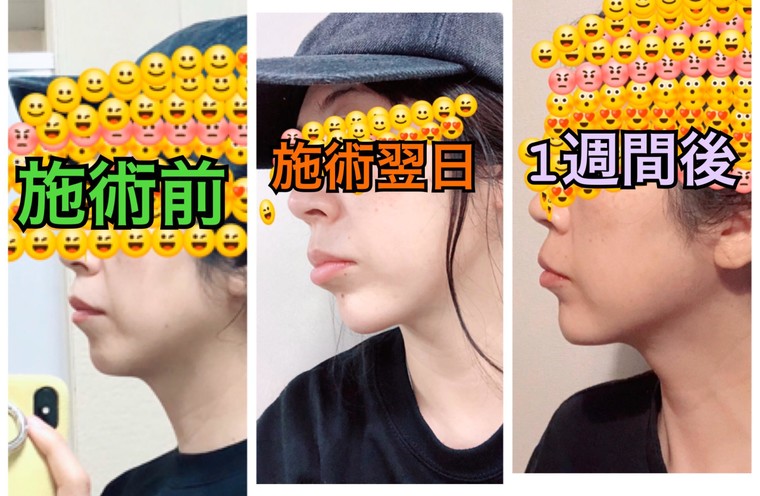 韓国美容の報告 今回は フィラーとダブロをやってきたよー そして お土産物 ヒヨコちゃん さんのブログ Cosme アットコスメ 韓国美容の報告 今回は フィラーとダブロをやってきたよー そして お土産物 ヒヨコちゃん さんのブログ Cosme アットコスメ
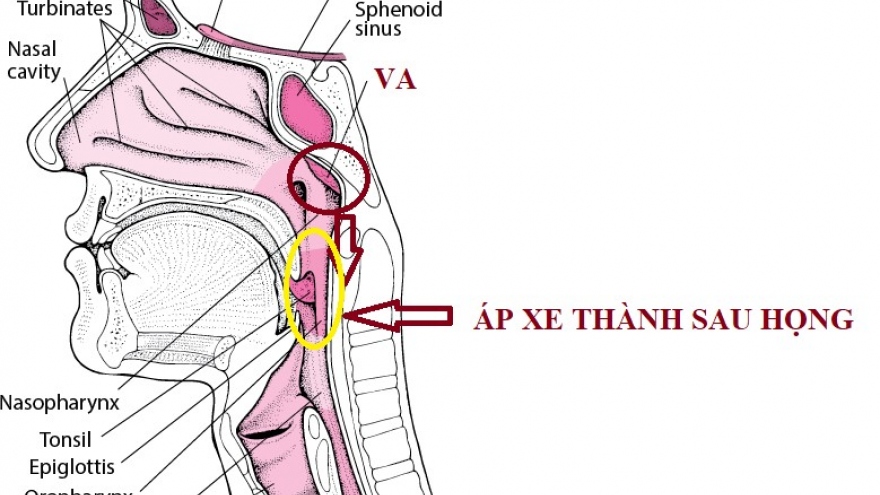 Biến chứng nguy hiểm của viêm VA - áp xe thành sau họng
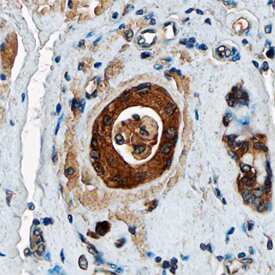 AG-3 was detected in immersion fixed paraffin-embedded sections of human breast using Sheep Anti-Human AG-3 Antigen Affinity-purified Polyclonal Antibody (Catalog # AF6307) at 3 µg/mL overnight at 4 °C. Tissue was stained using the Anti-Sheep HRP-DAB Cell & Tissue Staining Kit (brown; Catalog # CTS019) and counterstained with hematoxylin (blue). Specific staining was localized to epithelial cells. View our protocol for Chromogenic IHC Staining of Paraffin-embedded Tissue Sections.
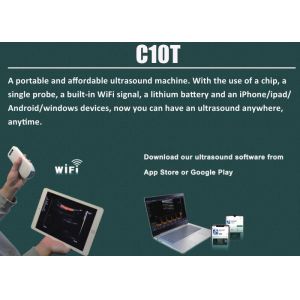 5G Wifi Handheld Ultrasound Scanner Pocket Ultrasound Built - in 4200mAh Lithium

* * *

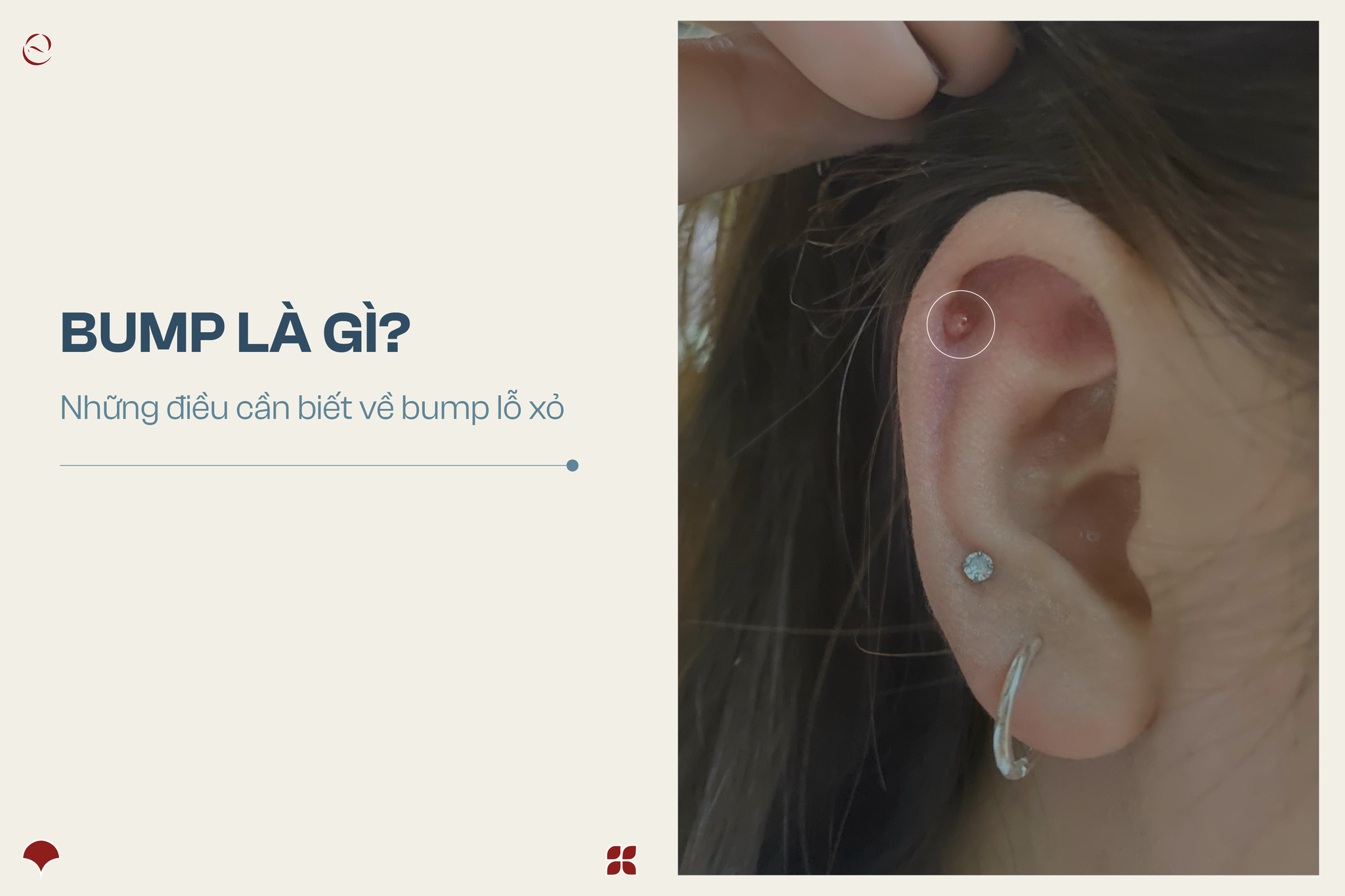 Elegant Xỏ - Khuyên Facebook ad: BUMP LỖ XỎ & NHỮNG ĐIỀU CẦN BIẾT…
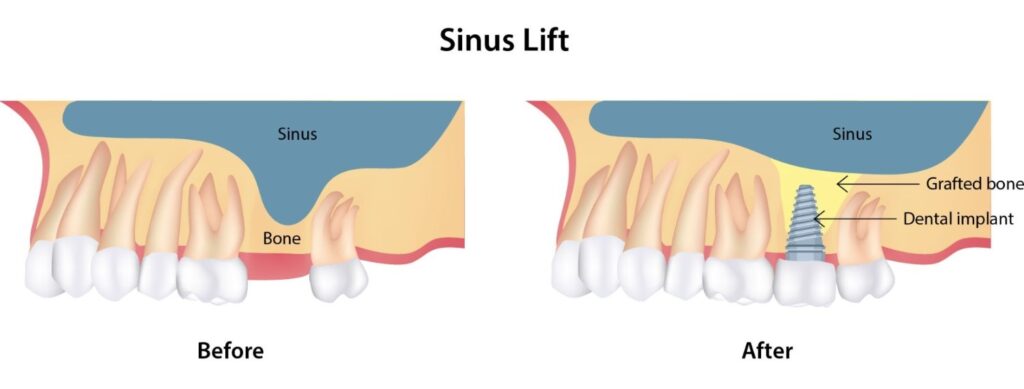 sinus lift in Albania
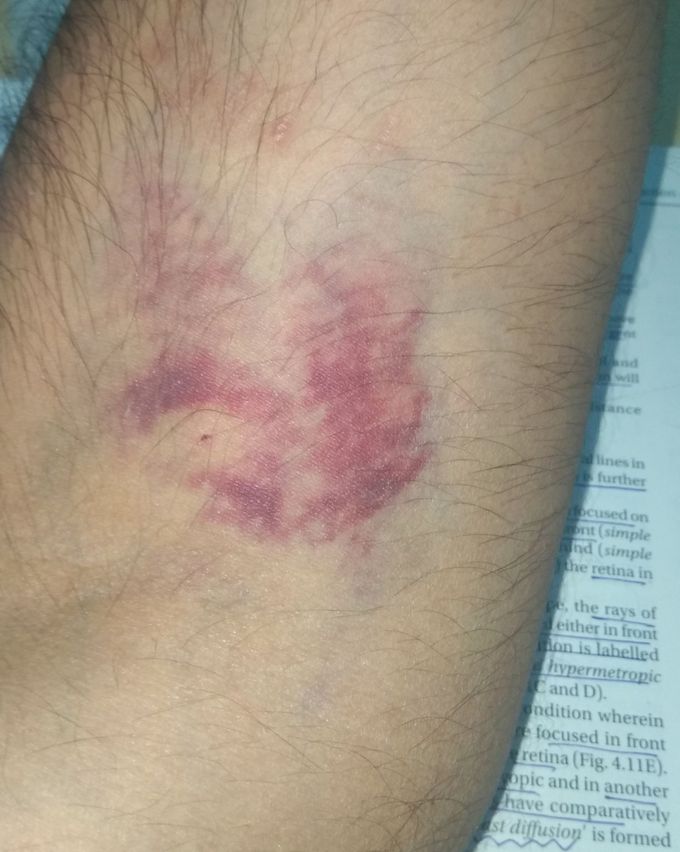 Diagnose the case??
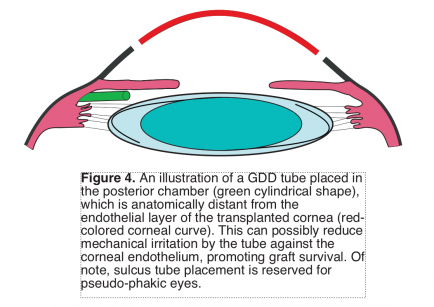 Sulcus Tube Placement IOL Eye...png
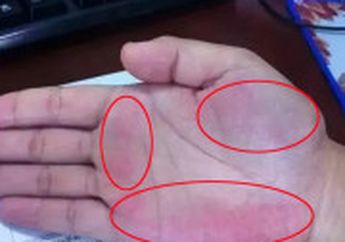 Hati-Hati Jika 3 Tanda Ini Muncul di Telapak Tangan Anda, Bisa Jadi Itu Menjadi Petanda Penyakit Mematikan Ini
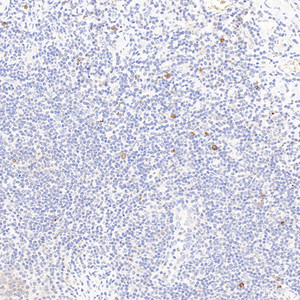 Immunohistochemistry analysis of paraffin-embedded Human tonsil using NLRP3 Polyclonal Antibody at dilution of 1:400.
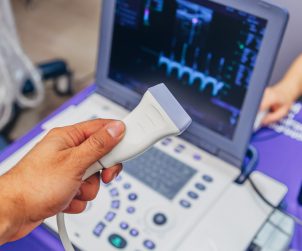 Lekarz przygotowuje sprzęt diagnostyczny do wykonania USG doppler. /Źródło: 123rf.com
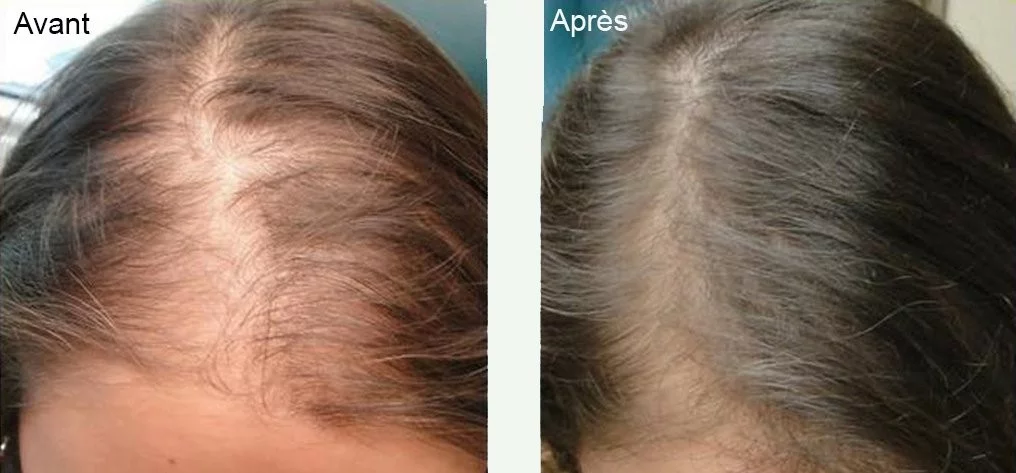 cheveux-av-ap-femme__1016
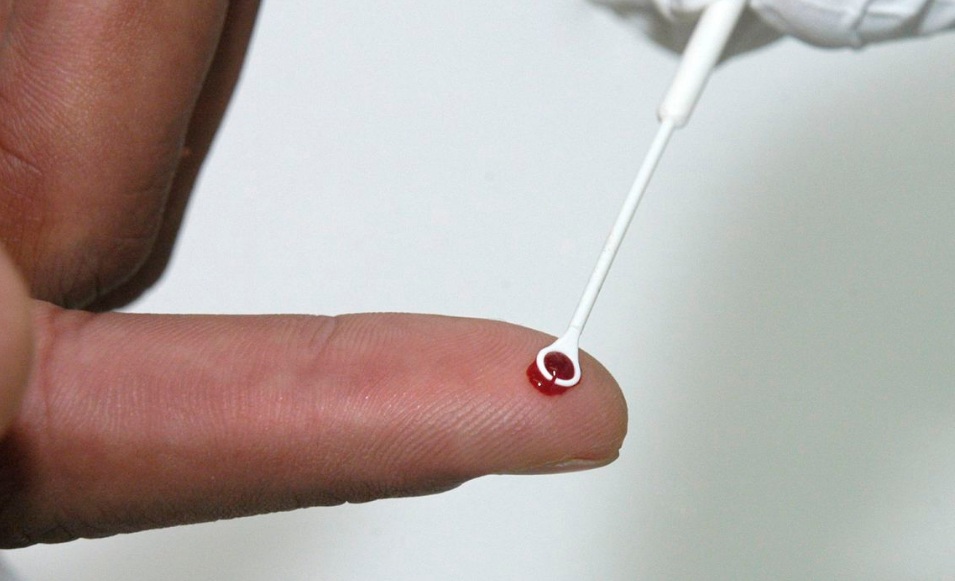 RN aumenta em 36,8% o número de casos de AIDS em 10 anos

---

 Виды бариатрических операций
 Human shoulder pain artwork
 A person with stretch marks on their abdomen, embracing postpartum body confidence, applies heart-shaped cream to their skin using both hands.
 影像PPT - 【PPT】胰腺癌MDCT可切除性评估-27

* [ASSIGNMENT]
Give back the exact lines above, running from the one that has "Cosme アットコスメ 韓国美容の報告" through the one that has "5G Wifi Handheld", with nothing added and no pictures.

* [ANSWER FOR THIS EXERCISE]
 韓国美容の報告 今回は フィラーとダブロをやってきたよー そして お土産物 ヒヨコちゃん さんのブログ Cosme アットコスメ 韓国美容の報告 今回は フィラーとダブロをやってきたよー そして お土産物 ヒヨコちゃん さんのブログ Cosme アットコスメ
 Biến chứng nguy hiểm của viêm VA - áp xe thành sau họng
 AG-3 was detected in immersion fixed paraffin-embedded sections of human breast using Sheep Anti-Human AG-3 Antigen Affinity-purified Polyclonal Antibody (Catalog # AF6307) at 3 µg/mL overnight at 4 °C. Tissue was stained using the Anti-Sheep HRP-DAB Cell & Tissue Staining Kit (brown; Catalog # CTS019) and counterstained with hematoxylin (blue). Specific staining was localized to epithelial cells. View our protocol for Chromogenic IHC Staining of Paraffin-embedded Tissue Sections.
 5G Wifi Handheld Ultrasound Scanner Pocket Ultrasound Built - in 4200mAh Lithium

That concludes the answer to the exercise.